When did Shostakovich write his Piano Trio No. 2?

After completing his Eighth Symphony during the height of the Second World War, Shostakovich turned his thoughts towards a Piano Trio. He had already composed one such work early in his career, but it remained unpublished in his lifetime. This new composition, however, which occupied him from December 1943 to August of the following year, turned out to be rather different from his first effort and was conceived on a grander scale.

It’s a work that reflects not only the tragic circumstances of the period in which it was written, but also mourns the loss of the brilliant musicologist Ivan Sollertinsky who died unexpectedly in February 1944 at age of 41. Shostakovich was utterly devastated at the passing of his closest friend and poured out his anguish in a letter to Sollertinsky’s widow: ‘I have no words with which to express the pain that racked my entire being when I received this news… I am totally indebted to him for all my education. It will be unbelievably hard to live without him.’

The composer decided that his new Trio would be dedicated to Sollertinsky’s memory. In this way, he was continuing a tradition of memorial piano trios by Russian composers that began in the late 19th century in works by Tchaikovsky, Arensky and Rachmaninov. Yet Shostakovich’s Trio transcends these earlier models by also confronting the horrors perpetrated by the retreating German army during the last years of the war. In particular, Shostakovich was deeply affected by the stories featured in the Soviet press that SS guards at the death camps of Treblinka and Majdaenk had forced Jewish prisoners to dig their own graves and dance upon them. This discovery gave rise to the macabre musical imagery that haunts the Trio’s Finale.

How would you describe the music of Shostakovich's Piano Trio No. 2?

The Second Piano Trio opens with undoubtedly one of the most strikingly original musical gestures in the entire chamber music repertoire, with the eerie stratospheric sounds of an unaccompanied cello playing a slow grieving melody in harmonics. This lament is subsequently imitated in lower registers by the muted violin and bleak octaves in the piano. It’s a passage eloquently described by the violinist Rostislav Dubinsky as ‘an anxious premonition of misfortune’. A gradual speeding up of tempo merely intensifies the underlying sense of unease with music that moves disconcertingly between moments of anger and defiance and those of desolation and bleakness.

The shift to a major key in the ensuing Scherzo brings no relief. This is a fast, brutally relentless movement punctuated by angry snarls in the strings and disturbing echoes of banal circus music. Shostakovich follows this with a slow passacaglia based on eight stark chords in the piano, an idea likened by Dubinsky to the sound of a hammer on a railway track which tells the prisoners of the concentration camp that ‘one more day in the life of Ivan Denisovich’ has started. As this evil sound reverberates across the hall, the violin and cello weep and pray for the people who perished.
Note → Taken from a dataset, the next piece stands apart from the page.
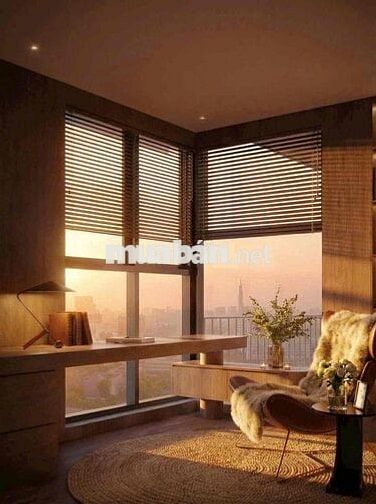 Căn hộ Mỹ tại Sài Gòn tiêu chuẩn 5 sao giá chỉ 300tr sở hữu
The Finale follows without a break. Over repeated quavers in the piano, a pizzicato violin plays a grotesque Jewish-inflected dance idea whose hypnotic patterns become ever more obsessive as the movement progresses. As the level of dissonance intensifies, Shostakovich turns the screw ever more tightly, building the music up to a furious climax after which he unleashes a torrent of sound that recalls the Passacaglia chords and the first movement’s lament. As the music collapses under the sheer weight of exhaustion, muted violin and cello return with ghostly variations of the Jewish dance theme that eventually disappear into nothingness – a passage described by Dubinsky ‘as if in deathly agony, a wail escapes from a throat strangled by an iron hand.’
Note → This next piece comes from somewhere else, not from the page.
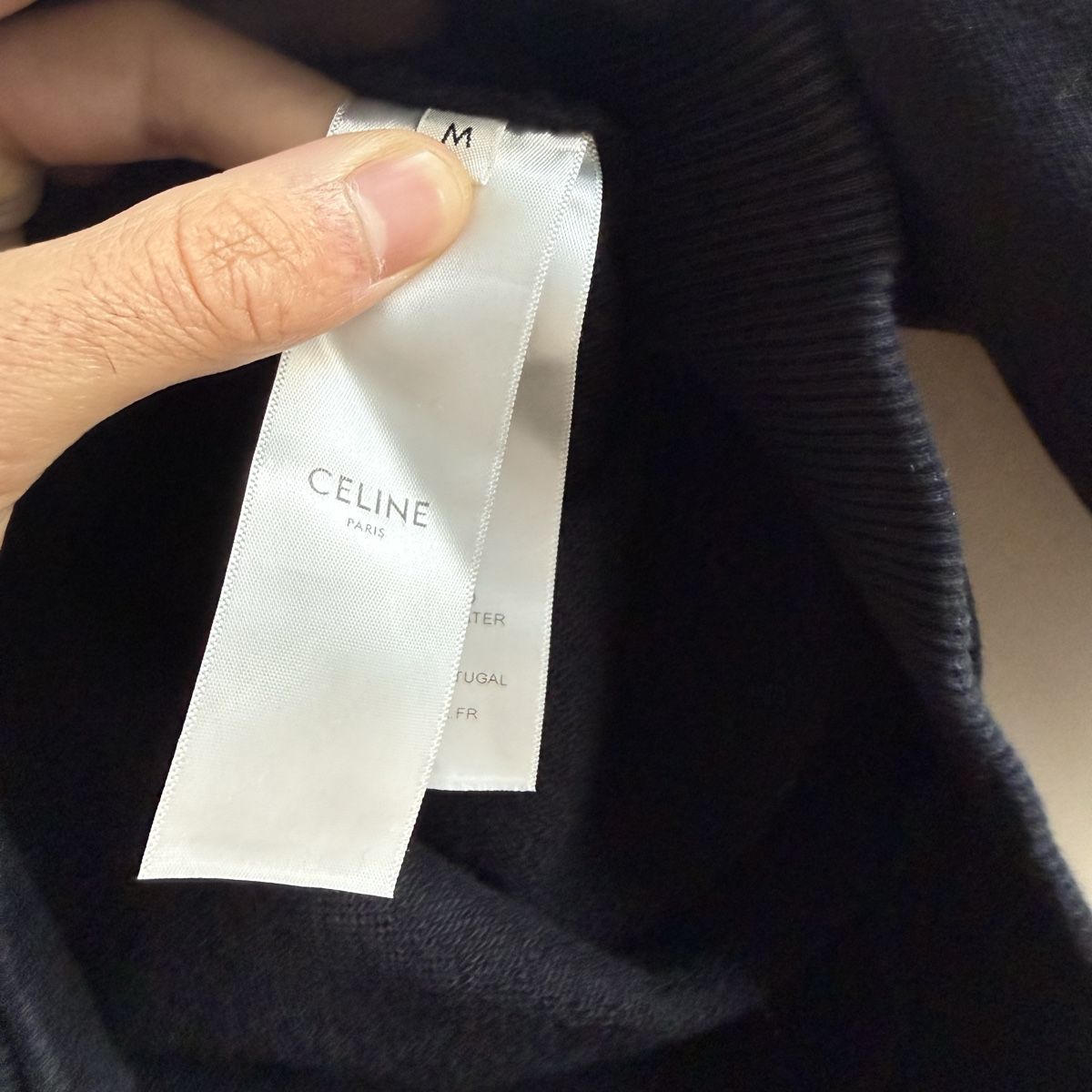 Celine Maglioni & Felpe: Celine Hoodie – Usato da Genève venduto da luc_5q8p 4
When was Shostakovich's Piano Trio No. 2 first played?

Shostakovich unveiled his Second Piano Trio for the first time in November 1944 in Moscow, and played the piano part himself alongside the violinist Dmitri Tsyganov and cellist Sergei Shirinsky. According to eye-witness accounts, the audience was stunned by the power and daring of the work. Dubinsky recalled the performance later in his life: ‘The music left a devastating impression. People cried openly. An embarrassed, nervous Shostakovich repeatedly came onto the stage and bowed awkwardly.’
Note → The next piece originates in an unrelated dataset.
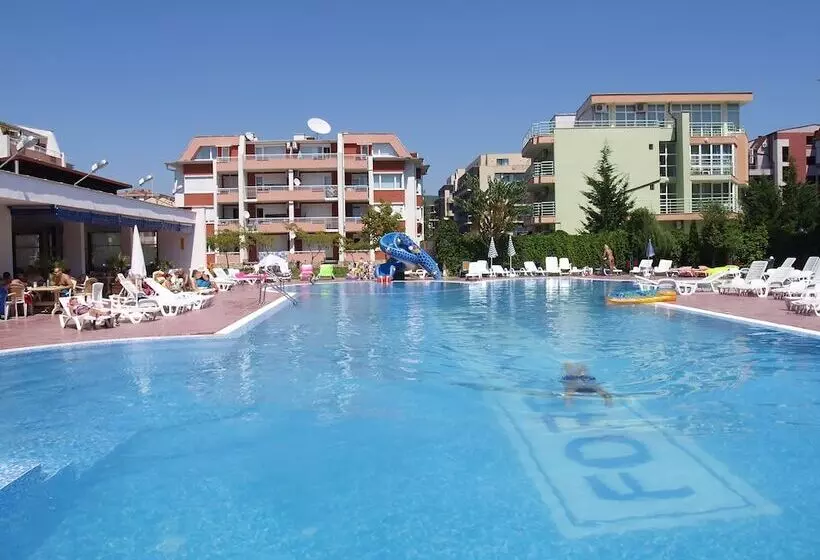 Fotos del hotel Sunny Fort:  10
But the Soviet authorities were far less supportive of this deeply pessimistic work and as a result refused to sanction any further performances. It was therefore no surprise that the Second Piano Trio was added to the swelling list of works that was banned by the regime in 1948 when the composer was denounced by the authorities for allegedly writing music that was deemed to be decadent and formalist.

Words by Erik Levi.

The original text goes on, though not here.